Unexplained out_of_range in string::substr - c++

I have been getting a really annoying error about an std::out_of_range when calling substr. The exact error is
terminate called after throwing an
instance of 'std::out_of_range'
what(): basic_string::substr
I'm absolutely sure that tmp_request has a length greater then 1. No matter what I pass to substr—1, 2, or bodypos—it always throws that error. I'm using g++ on Unix.
Only interesting thing I can include is the string has multiple "\r\n", including one "\r\n\r\n".
In one cpp file:
std::string tmp_request, outRequest;
tmp_request = SS_Twitter->readData();
outRequest = SS_Twitter->parse(tmp_request);
In another:
std::string parse(const std::string &request)
{
std::map<std::string,std::string> keyval;
std::string outRequest;
if(request[0]=='P')
{
if(request.find("register")!=std::string::npos)
{ //we have a register request
size_t bodypos = request.find("username");
if(bodypos==std::string::npos)
{
HttpError(400,"Malformed HTTP POST request. Could not find key username.",request);
}
else
{
std::string body = request.substr(bodypos);
StringExplode(body,"&", "=",keyval);
outRequest = "doing stuff";
}
}
Update:
std::string request2("P\r\nregister\r\nusername=hello\r\n\r\n");
std::string body = request2.substr(4);
That throws the same error. Now I know this is perfectly valid and correct code, but it's still throwing the error.
//removed source link

I modified your sample slightly to decrease amount of indentation used.
There are 5 "test cases" and none causes any problem. Could you please provide a sample request to reproduce the problem you're having.
EDIT: Forgot to mention: if this sample as it is (with commented-out bits) doesn't produce that error, your best bet is that you have a bug in your StringExplode function. You could post its source, to get a more helpful advice.
EDIT2:
In your StringExplode, change results[tmpKey] = tmpKey.substr(found+1); to results[tmpKey] = tmpResult[i].substr(found+1);. Change int found to size_t found, and remove all of if (found > 0), that will fix your mysterious out_of_range. You were substr-ing a wrong string.

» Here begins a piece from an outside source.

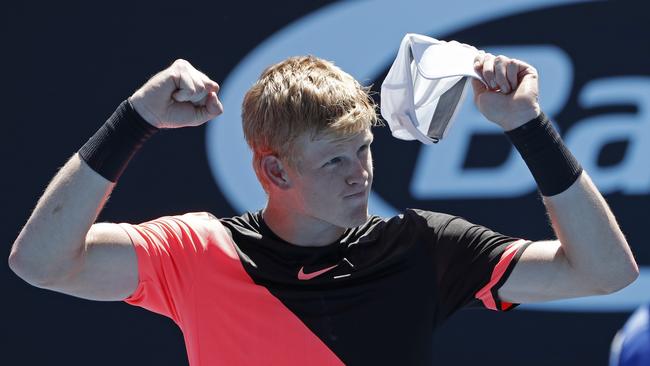 Britain's Kyle Edmund celebrates after defeating Georgia's Nikoloz Basilashvili. Photo: AP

Just in case, here's the code with a fix:
void StringExplode(std::string str, std::string objseparator, std::string keyseperator,
std::map <std::string, std::string> &results)
{
size_t found;
std::vector<std::string> tmpResult;
found = str.find_first_of(objseparator);
while(found != std::string::npos)
{
tmpResult.push_back(str.substr(0,found));
str = str.substr(found+1);
found = str.find_first_of(objseparator);
}
if(str.length() > 0)
{
tmpResult.push_back(str);
}
for(size_t i = 0; i < tmpResult.size(); i++)
{
found = tmpResult[i].find_first_of(keyseperator);
while(found != std::string::npos)
{
std::string tmpKey = tmpResult[i].substr(0, found);
results[tmpKey] = tmpResult[i].substr(found+1);
found = tmpResult[i].find_first_of(keyseperator, found + results[tmpKey].size());
}
}
}
Initial test code:
#include <iostream>
#include <map>
#include <string>
std::string parse(const std::string &request)
{
std::map<std::string,std::string> keyval;
std::string outRequest;
if(request[0] != 'P')
return outRequest;
if(request.find("register") == std::string::npos)
return outRequest;
//we have a register request
size_t bodypos = request.find("username");
if(bodypos==std::string::npos)
{
// HttpError(400,"Malformed HTTP POST request. Could not find key username.",request);
// you said HttpError returns, so here's a return
return outRequest;
}
std::string body = request.substr(bodypos);
// StringExplode(body,"&", "=",keyval);
outRequest = "doing stuff";
return outRequest;
}
int main()
{
std::string request("P\r\nregister\r\nusername=hello\r\n\r\n");
std::cout << "[" << parse(request) << "]\n";
request = "Pregisternusername=hello\r\n\r\n";
std::cout << "[" << parse(request) << "]\n";
request = "Pregisternusername=hello";
std::cout << "[" << parse(request) << "]\n";
request = "registernusername=hello";
std::cout << "[" << parse(request) << "]\n";
request = "";
std::cout << "[" << parse(request) << "]\n";
return 0;
}
This outputs, predictably:
[doing stuff]
[doing stuff]
[doing stuff]
[]
[]

Are you sure that it's failing on that substr and not on a substr call within the HttpError or StringExplode functions? If you haven't already, you should run this through a debugger so that you can see exactly where it's throwing the exception. Alternatively, you could add a:
std::cout << "calling substr" << std::endl;
line immediately before you call substr, and a similar line immediately afterwards, so that it would look like:
std::cout << "calling substr" << std::endl;
std::string body = request.substr(bodypos);
std::cout << "finished calling substr" << std::endl;
StringExplode(body,"&", "=",keyval);
outRequest = "doing stuff";
If that substr really is throwing the exception, then you'll know because the program will print "calling substr" without a matching "finished calling substr". If it prints the pair of debug messages, though, or none at all, then something else is throwing the exception.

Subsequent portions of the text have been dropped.